Pedir dinheiro   A pergunta não é força de expressão. Nesse fim de semana mesmo, o presidente e o candidato derrotado, Fernando Haddad, andaram batendo boca no Twitter. Boa parte dos partidos políticos de oposição a Bolsonaro não compareceu à sua posse e o presidente, referindo-se aos governadores de oposição que não foram à transmissão do cargo, tripudiou do comportamento. Em tom de deboche, falou que o “presidente deles” está em Curitiba [Lula, preso]. E alfinetou: “não venham me pedir dinheiro”. Bem, sobre o “dinheiro” do governo federal, é bom que tanto governistas como oposicionistas lembrem-se de que se trata de dinheiro público. O dinheiro do governo para todos os estados não é de Bolsonaro nem do PSL. Em todos os estados o povo é brasileiro, contribui com impostos independentemente de ter votado em A ou B e não pode ser retaliado por picuinhas. A fala do presidente é só mais uma das inúmeras evidências de que o tom da campanha permanece nas falas dos ex-candidatos e nos dois lados do eleitorado. O tom da campanha ainda está nas ameaças de retaliação, nas provocações, ofensas e até na tal camiseta usada pela primeira-dama.

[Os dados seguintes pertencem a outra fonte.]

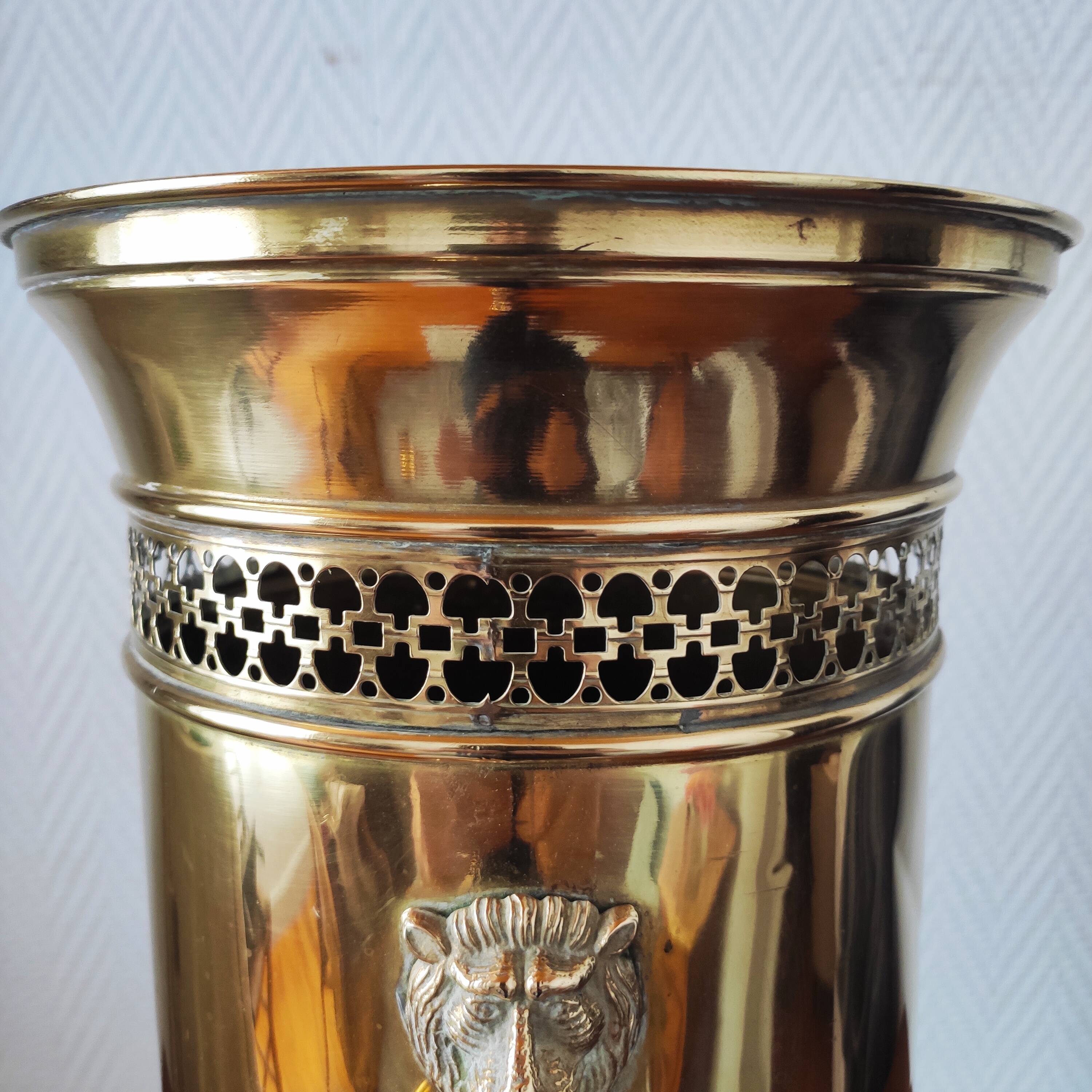 Vintage brass umbrella stand with lion decoration.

Durante a semana, a cena do governo federal foi roubada pela nuvem azul e rosa da fala da ministra Damares Alves, sobre a roupa de meninas e meninos no que ela chamou de nova era do Brasil. A ingenuidade, o escarcéu, a paranoia, as teorias conspiratórias e o clima de campanha fora de hora  deram, de novo, o tom da repercussão. Que as redes sociais bombem e causem por conta do rosa e do azul de Damares, ok, é compreensível. É o espírito dos tempos digitais, quando  hashtags substituem qualquer discussão mais profundinha. Quem se importa?  

Crime organizado   Mas peguemos o rosa e o azul da ministra para chegarmos a outros pontos, os falsos dilemas criados por oposicionistas e governistas. É horrível dizer isso, admitir isso. Mas o crime organizado do Ceará, por exemplo, se mostrou muito mais capaz de “enfrentar” o discurso do governo (no caso dos criminosos, a reação quanto às mudanças de medidas no universo carcerário) do que a oposição político-partidária tem conseguido. Oposicionistas reduzem tudo ou a uma suposta tosquice da ministra ou, num outro extremo, a teorias conspiratórias de que o azul e o rosa não passam de cortinas de fumaças propositais lançadas para disfarçar a destruição do país que estaria sendo colocada para funcionar nos bastidores, por Paulo Guedes, o presidente e os militares. De um lado, um primarismo ingênuo segundo o qual vamos todos para a idade média levados pela paleta rosa e azul de Damares. Do outro, uma viagem exagerada segundo a qual enquanto os supostos idiotas se preocupam com a ministra, os Bolsonaros estão destruindo o país escondidinhos embaixo das mesas do Planalto.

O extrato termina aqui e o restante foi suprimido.